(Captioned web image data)
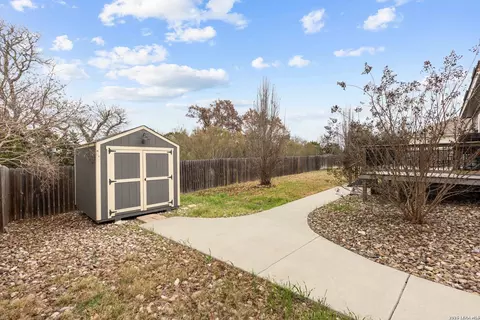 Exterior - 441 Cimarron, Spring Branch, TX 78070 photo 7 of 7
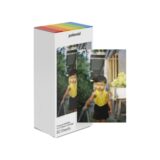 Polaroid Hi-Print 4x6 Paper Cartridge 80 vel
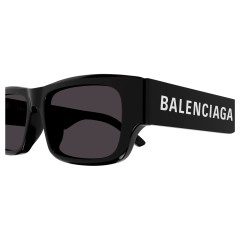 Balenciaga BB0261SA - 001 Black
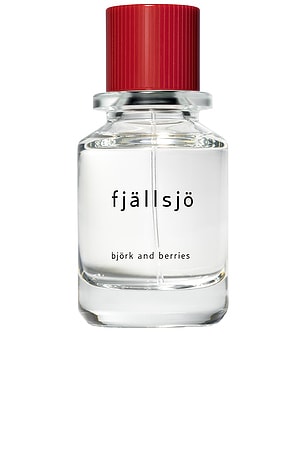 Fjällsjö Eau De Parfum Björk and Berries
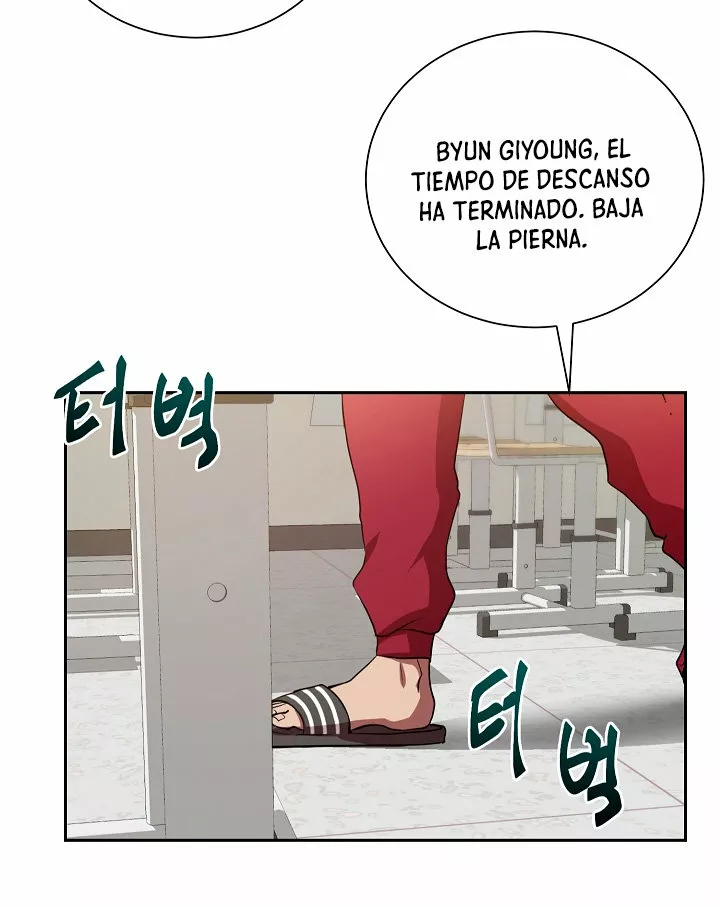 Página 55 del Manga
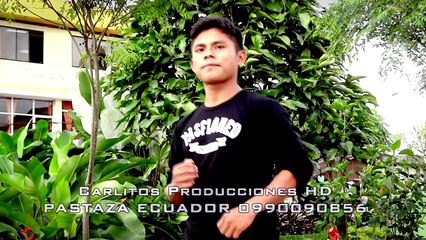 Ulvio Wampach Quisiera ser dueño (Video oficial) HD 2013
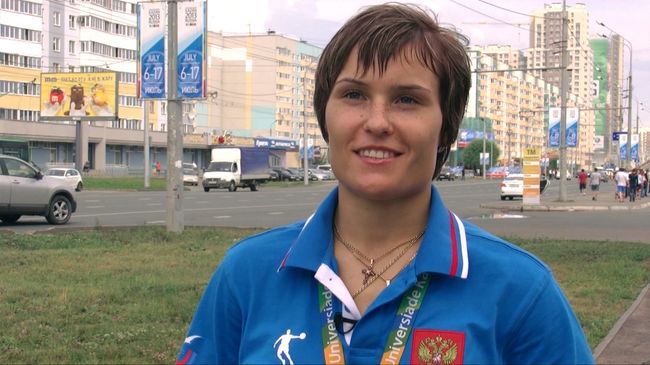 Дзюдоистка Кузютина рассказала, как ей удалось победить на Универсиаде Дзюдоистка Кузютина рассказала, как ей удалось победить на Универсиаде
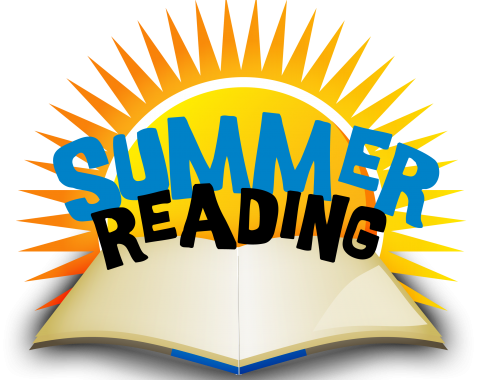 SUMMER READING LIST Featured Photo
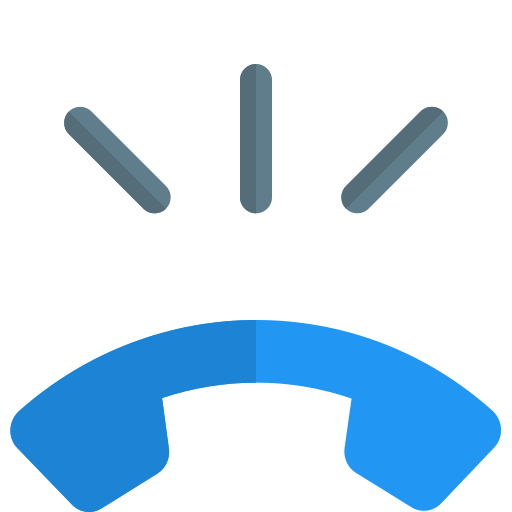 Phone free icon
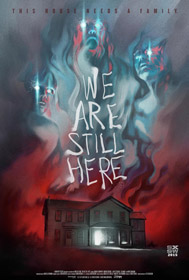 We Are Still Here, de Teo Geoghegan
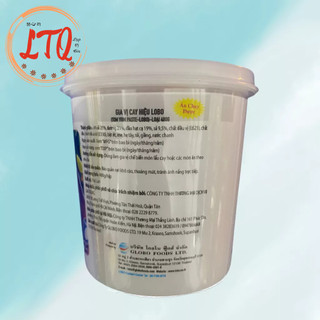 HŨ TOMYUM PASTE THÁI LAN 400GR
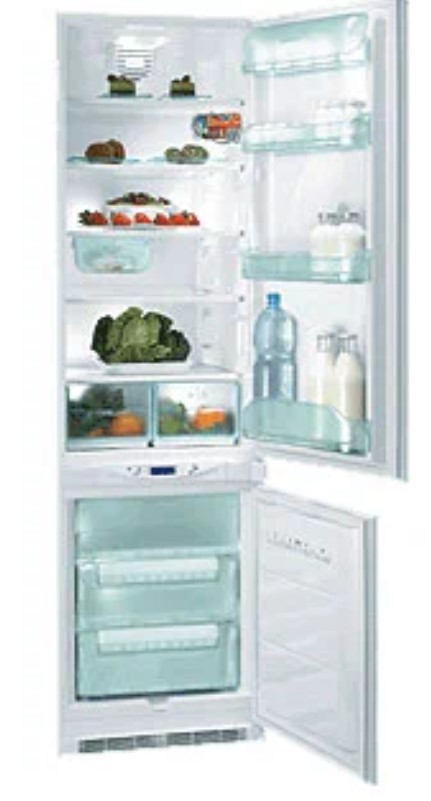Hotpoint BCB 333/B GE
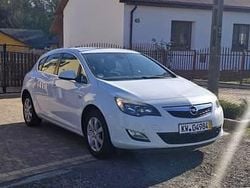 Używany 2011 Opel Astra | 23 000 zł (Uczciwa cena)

● **WORK INSTRUCTION**: The copy must reproduce every entry exactly while excluding all pictures.

● **OUTPUT FOR THIS EXERCISE**:
 Exterior - 441 Cimarron, Spring Branch, TX 78070 photo 7 of 7
 Polaroid Hi-Print 4x6 Paper Cartridge 80 vel
 Balenciaga BB0261SA - 001 Black
 Fjällsjö Eau De Parfum Björk and Berries
 Página 55 del Manga
 Ulvio Wampach Quisiera ser dueño (Video oficial) HD 2013
 Дзюдоистка Кузютина рассказала, как ей удалось победить на Универсиаде Дзюдоистка Кузютина рассказала, как ей удалось победить на Универсиаде
 SUMMER READING LIST Featured Photo
 Phone free icon
 We Are Still Here, de Teo Geoghegan
 HŨ TOMYUM PASTE THÁI LAN 400GR
Hotpoint BCB 333/B GE
 Używany 2011 Opel Astra | 23 000 zł (Uczciwa cena)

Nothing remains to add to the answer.